The church was in a section of the town in which the electronic variable display signs were barred.  The only two exceptions in the area of the church were signs owned by a gas station and a public school; the gas station sign predated the passage of the ordinance and was thereby grandfathered and the public school as a state political subdivision could not be regulated by the city government.  The ordinance merely banned the signs in residential areas and did not apply uniquely to churches or to sign content.  The stated purpose of the ordinance was to preserve aesthetics, a “semi-rural” ambiance.

Signs for Jesus’ federal court complaint challenged the constitutionality of the ordinance, alleged First Amendment free speech rights were violated, alleged a Fourteenth Amendment Equal Protection claim, alleged a Religious Land Use and Institutionalized Persons Act (“RLUIPA”) claim, and alleged a Due Process claim.  The constitutional claims were disposed of because the ordinance was “content neutral” and did not single out churches.  The RLUIPA claim was denied because the church did not prove the ordinance was a “substantial burden” to religious exercise by the church and did not prove treatment on less than equal terms, both of which are proof required under the statute.  The opinion was detailed although this summary is not.
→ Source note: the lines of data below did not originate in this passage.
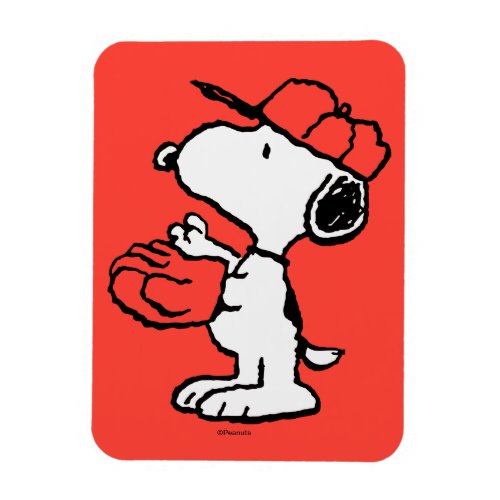 Peanuts  Snoopy Making the Catch Magnet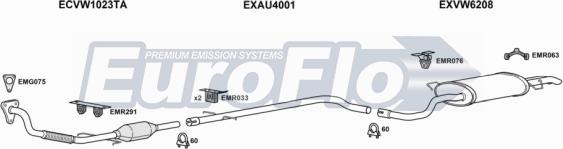 EuroFlo VWBOR19D 2008C - Exhaust System car-mod.net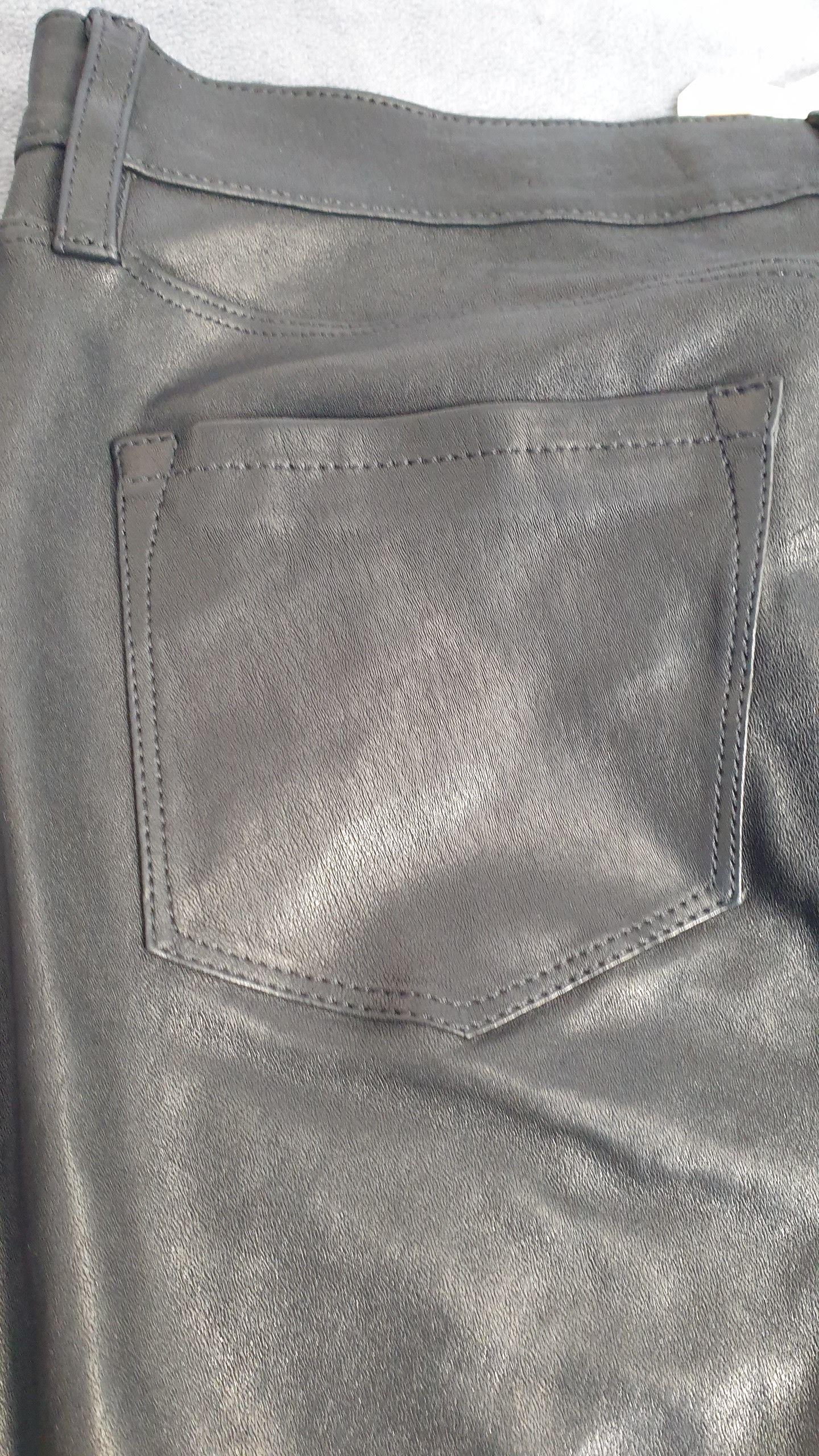 J Brand Lamb leather Leggins jeans Size 27" / US 4 / IT 40 - 8 Thumbnail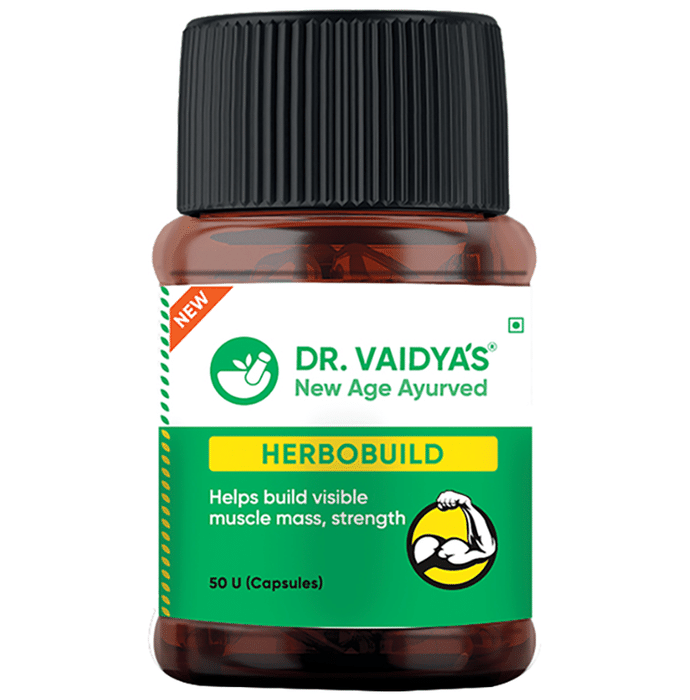 Dr. Vaidya's Herbobuild Capsule (50 Each)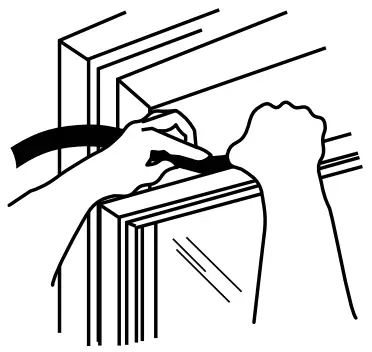 GE APPLIANCES AHEK08AC Smart Electronic Window Air Conditioner - insects from getting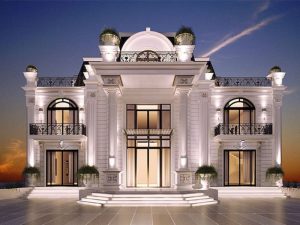 biệt thự tân cổ điển 2 tầng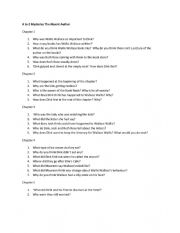 English Worksheet: A to Z Mysteries The Absent Author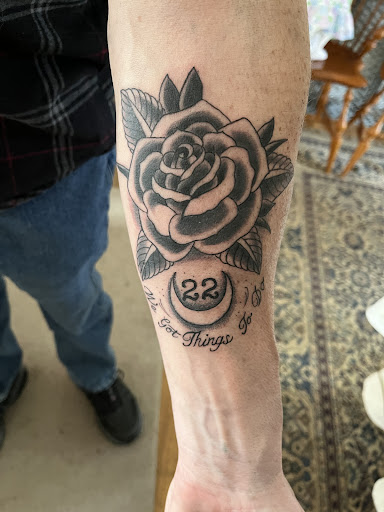 Explore death tattoo ideas, creative tattoo ideas in West Yarmouth, available at Spilt Milk Mooncusser Tattoo and Laser Tattoo Removal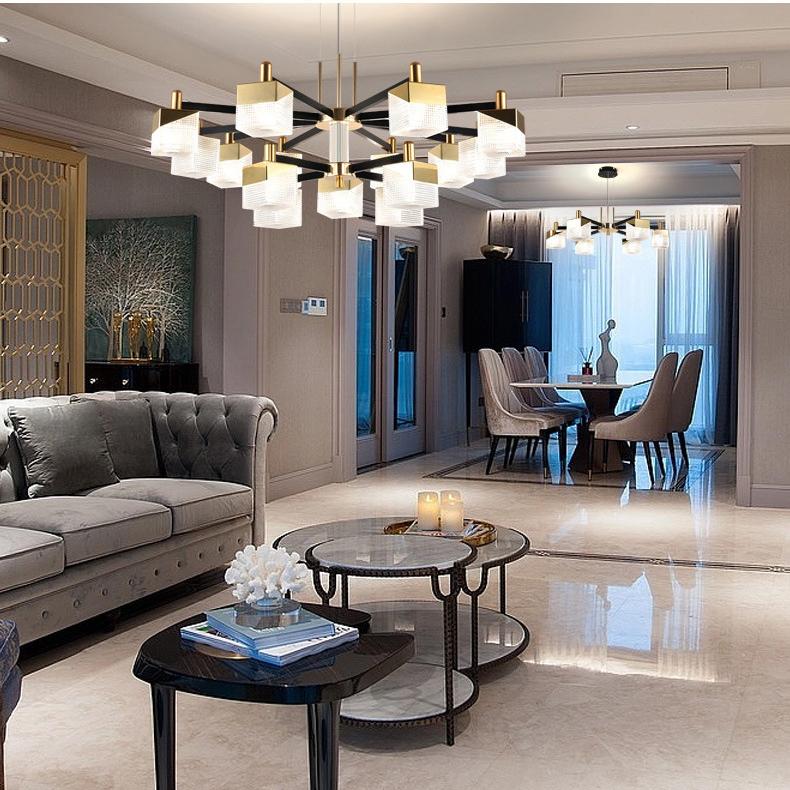 Светодиодная хрустальная люстра для гостиной, потолочный светильник, потолочная люстра, ресторан, люстра, потолочный светильник для спальни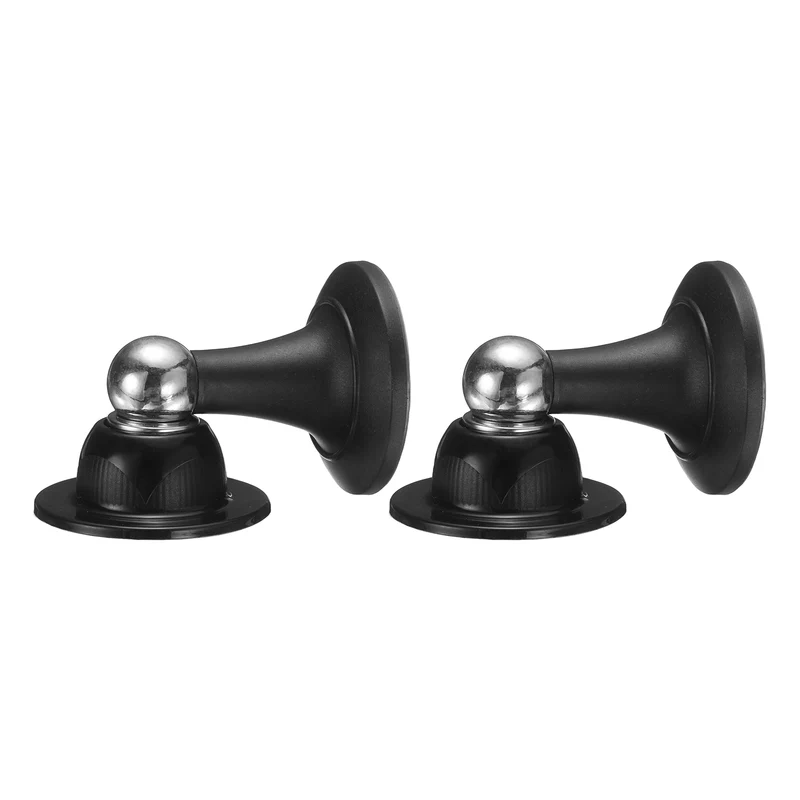 2Pcs 3" Magnetic Door Stoppers, Magnetic Door Catch with Adhesive, Black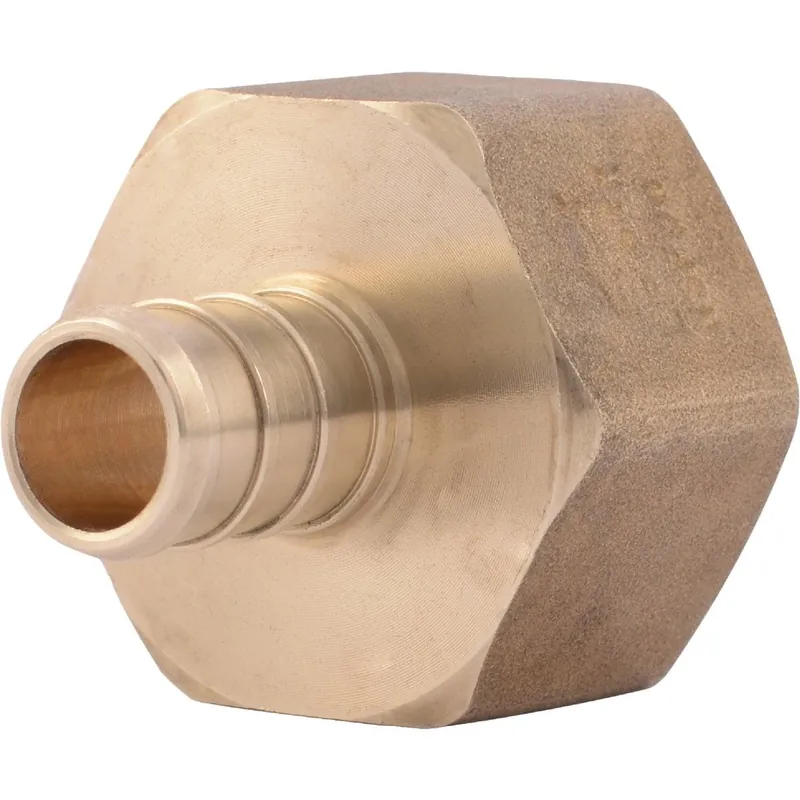 SharkBite UC068LFA Barb x FIP Brass PEX Adapter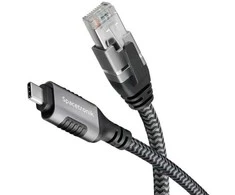 Spacetronik USB-C gigabito tinklo plokštė, 1,5 m adapterio laidas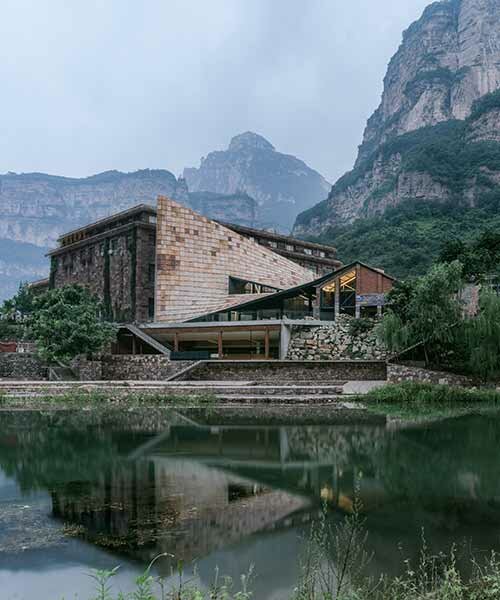 taihang xinyu art museum organically grows out of its rugged topography in rural china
RLUIPA might have been of some help if the record had been developed differently.  Although Signs for Jesus sought a variance (or the church did), it was the denial of the variance by a concomitant use of discretion that might have been the better basis for a claim, but that was not the focus of the claim, at least in the federal court’s recitation of the facts.  Also, the lesson from this case might be that political solutions with elected officials might be better pursued than litigation in ordinance issues.  Local elected officials are often reluctant to refuse relief to a church.  Also, the church could have considered placing a sign in the commercial district of a town as small as Pembroke.  Humorously, sometimes planning such a sign where no one else wants it but where it is legally permitted can obtain support for a variance.